Avant goût automnal

Comme je n'ai rien de particulier contre l'hiver, le printemps et l'été, je n'ai rien pour l'automne.

De toutes les saisons, je me demande si l'automne ne serait pas la plus déprimante. Aujourd'hui, je pense à l'automne parce qu'il me semble qu'il est arrivé. Et aussi parce qu'il me semble que j'ai attrapé une sorte de rhume mais ça peut être lié. Depuis hier, j'ai un léger mal de tête qui me fait penser que j'ai peut-être attrapé froid.
Je me suis levé et je me suis fait du café. J'ai écouté la radio et je l'ai arrêtée. Je n'écoute plus autant France Inter qu'il y a encore quelques années. J'aime moins. Je suis donc resté dans un silence relatif et j'ai pu entendre les sons venant de l'extérieur. Plus d'oiseau, plus que des sons étouffés, comme entourés de ouate. Pour moi, c'est l'ambiance sonore de l'automne. Ça remonte à loin puisque, dans mon souvenir, c'est rattaché à l'époque où nous habitions à Pontoise. C'est donc antérieur à 1974.
Mon grand-frère et moi faisions chambre commune. Nous avions la chambre qui donnait sur le jardin de derrière la maison. Nous avions chacun notre lit et nous avions une table de cuisine pour bureau. La rentrée des classes approchait et il faisait encore assez doux pour que la fenêtre soit ouverte. Dans mon souvenir, j'ai pris conscience en un instant que les vacances étaient bientôt finies et qu'il allait falloir retourner à l'école. Je me souviens d'une grande tristesse. Je n'avais pas envie de reprendre le chemin de l'école. Il y avait ces sons étouffés, comme s'ils venaient de plus loin que d'habitude.

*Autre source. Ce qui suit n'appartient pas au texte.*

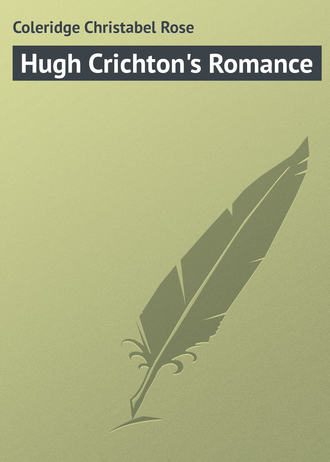Coleridge Christabel Rose. Hugh Crichton's Romance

Aujourd'hui encore, la perception étouffée des sons due sans doute à l'humidité et à d'autres phénomènes acoustiques et physiques éveille en moi le souvenir de cette veille de rentrée scolaire et me plonge dans une forme de douce mélancolie un peu désagréable. C'est bizarre comment des petits événements sans importance parviennent à s'ancrer autant dans la mémoire et comment la répétition de ces petits événements sans importance parviennent à les faire ressurgir à l'improviste.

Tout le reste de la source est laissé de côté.